The New York Times repeatedly praised CGW, placing it as one of the premier computer game publications of its time. In 1997 the newspaper called it "the leading computer game magazine", In 1999 "the bible of computer game purists", and in 2005 "one of the top computer game magazines".

==PC Gaming World==
Ziff Davis also published a sister magazine to Computer Gaming World, entitled PC Gaming World, in the United Kingdom. It was the region's third-largest computer game magazine by August 2000. In 1998, journalist Stuart Campbell described PC Gaming World as a publication with a predominantly American bent, thanks to its "sober, serious, text-heavy style". He considered it to be out of step with the British game audience. Campbell later called the magazine an "oddity" that was "clearly aimed primarily at a 40-something audience and beyond", in comparison to more youthful rivals such as PC Gamer UK and PC Zone.

In July 2000, Ziff Davis sold its publishing arm in Europe to Verenigde Nederlandse Uitgeverijen (VNU), including three magazines in Germany, three in France and four in the United Kingdom. PC Gaming World migrated with these publications. At the time, The Register reported that VNU saw PC Gaming World as a poor match for its business model, which left the magazine's future uncertain. The publisher sold PC Gaming World to Computec Media a month after the purchase, citing its lack of synergy with VNU's existing brand. This transition was set to be completed in October 2000.

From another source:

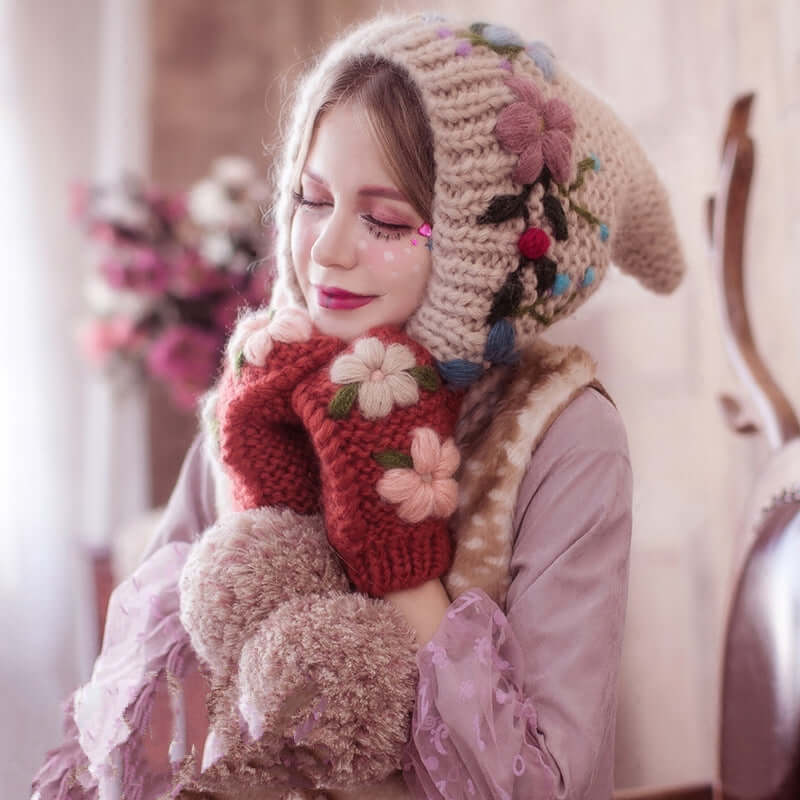 Model wearing a cozy Knitted Wool Hat with floral designs and matching mittens, exuding warmth and style.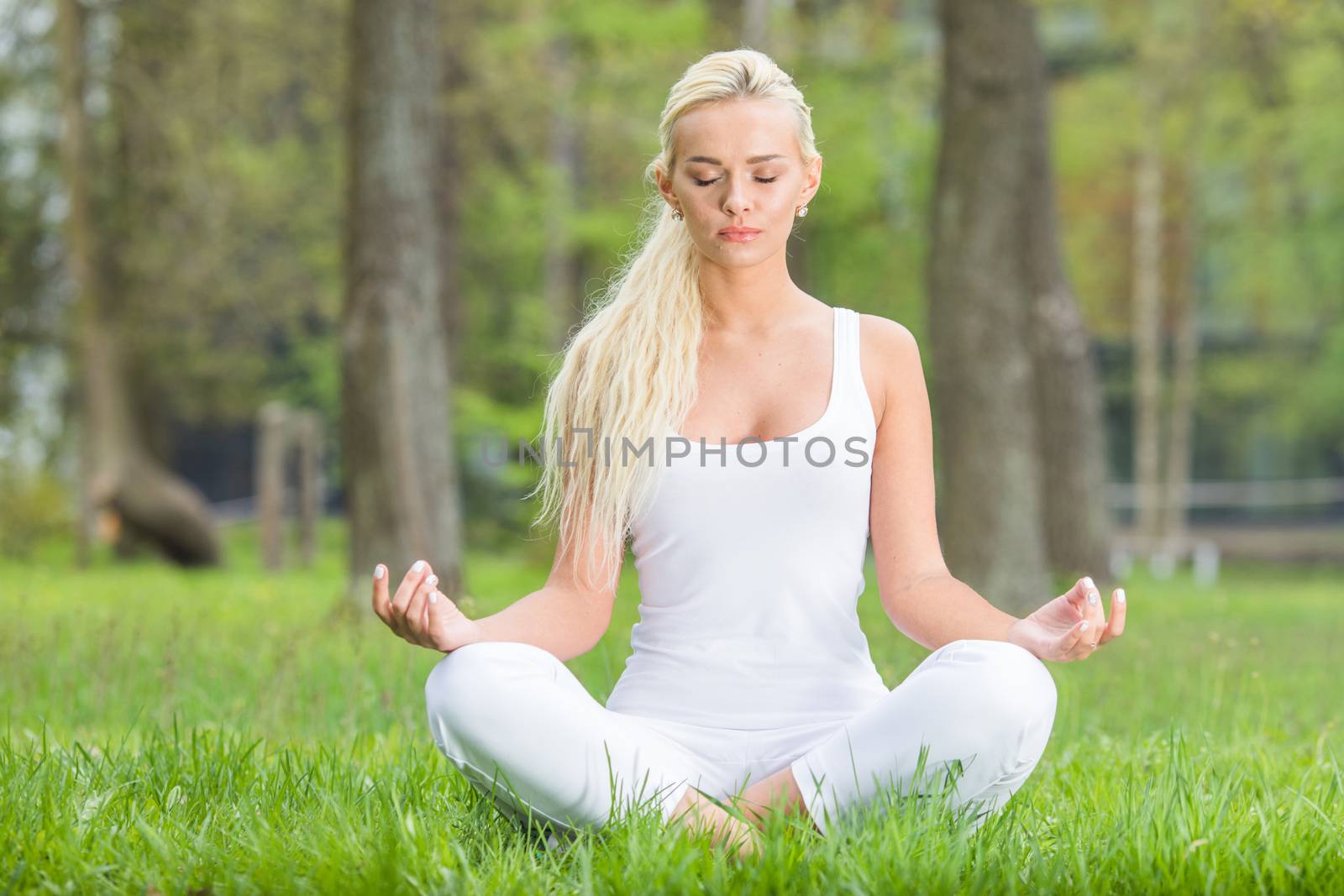 Young woman doing lotus yoga in spring park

According to Golem.de, Computec planned to fold PC Gaming World together with its own PC Gameplay magazine, which it launched in 2000. PC Gaming World had closed by the first half of 2001; Computec moved the publication's subscribers to PC Gameplay, which nevertheless struggled to grow its base. The company "relaunched" PC Gameplay as PC Gaming World in 2003, but did not release the new publication's subscriber count through the Audit Bureau of Circulations during the first half of that year. Writing for GamesIndustry.biz, Kristan Reed noted that this decision was "never a healthy sign". Computec sold its entire British game magazine branch to competitor Future Publishing in late 2003.